I learnt that MASCA has previously expressed interest to be officially enlisted under the Nairobi Rivers Basin Rehabilitation and Restoration Program by the government. They were asked to forward 60 names from their members to be co-opted. They did this but have never heard from the government ever since.

 

A wholesome solution for Mathare River

 

Ironically, the project which is funded by an aid loan from the Africa Development Bank identifies Nairobi inhabitants especially ‘people living downstream’ as the main beneficiaries.

 

“There was a time UN Habitat visitors came and saw our work. To support us in earning a living as we continued with our work, they offered us a brick making machine. The machine has been helpful however, the main challenge is sourcing materials like sand and cement,” Oti said.

 

MASCA said their commitment has been rewarded by change in behavior among locals.
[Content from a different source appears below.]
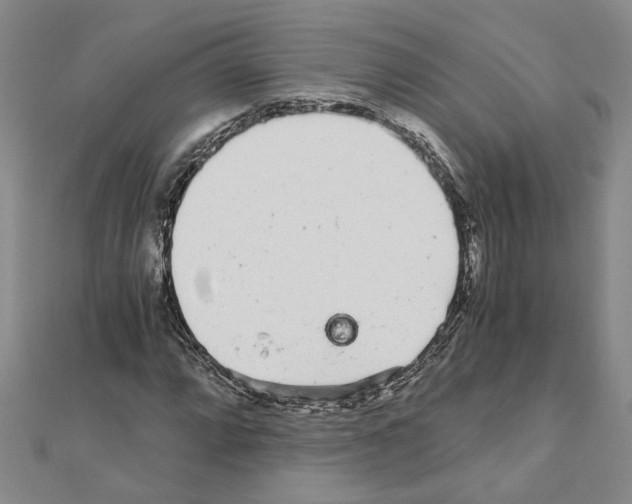 X0000110871064200907301409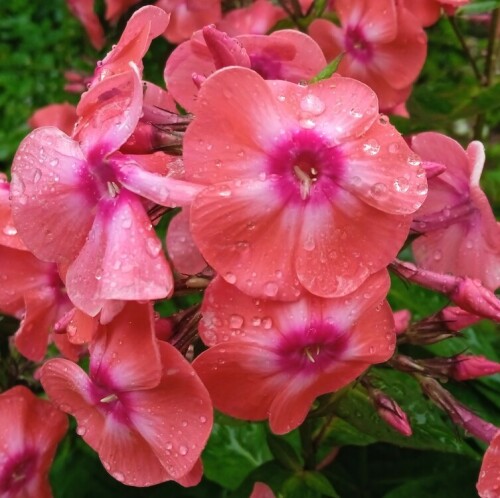 phlox 60+ year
After around three months collecting garbage, the community saw their determination. They started cooperating by adhering to dropping garbage at the designated collection spot and supporting the group.

 

According to Oti, the main challenge is getting a wholesome solution for Mathare River. This is because their exercise will not bear fruit if more garbage keeps ending up in the river. In addition, he said, slums should not be seen as the city’s lavatories.

 

“Do you know that all the sewers emptying into Mathare river do not carry sewage from Mathare toilets because most of Mathare’s residents do not have flushing toilets. In other words, it’s not just the garbage from rich people being dumped in the slums, even their sh** is directed towards us and we are left to deal with it,” he said.

 

That day after meeting Oti, I couldn't shake off the feeling that his group was doomed into a vicious cycle. They are damned if you do and equally damned if they don’t. Otis group of dung beetles were pushing up our piles of garbage out of the water. But, we were busy throwing more tonnes of more garbage into the river.

 

Garbage always rolled back in

 

Oti’s group is not the first to take up the task of cleaning up the area and plant trees. And more garbage keep rolling back in.

 

That evening as we sat around a bottle of Gin, I broached the subject with my brother.

 

“Vipi Dau, unakumbuka story ya a certain Greek mwenye kazi yake ni ku-roll stone uphill but akifikisha hiyo stone huko juu, inaroll back downhill so lazima aanze kuiroll tena uphill?” I asked my bro.

 

“Ehh, ati Sisyphus,” he replied

 

“Baas, huyo. Nimekutana na maboyz fulani leo Mathare wakichapa job fulani wakanikumbusha Sysiphus,” I replied.

 

Sysiphus, that’s what I had tried all day to put a finger on since I met Oti, the leader of the garbage collectors turned Mathare River environmentalists. In Greek mythology, Sisyphus was doomed to a fate of rolling a stone uphill after which it would roll down back downhill, and the cyclic process would start again.

 

After all is said and done it looks as though in the fashion of Sisyphus, MASCA, Itals and Oti will keep pushing the boulder up the hill hoping one day it stays there.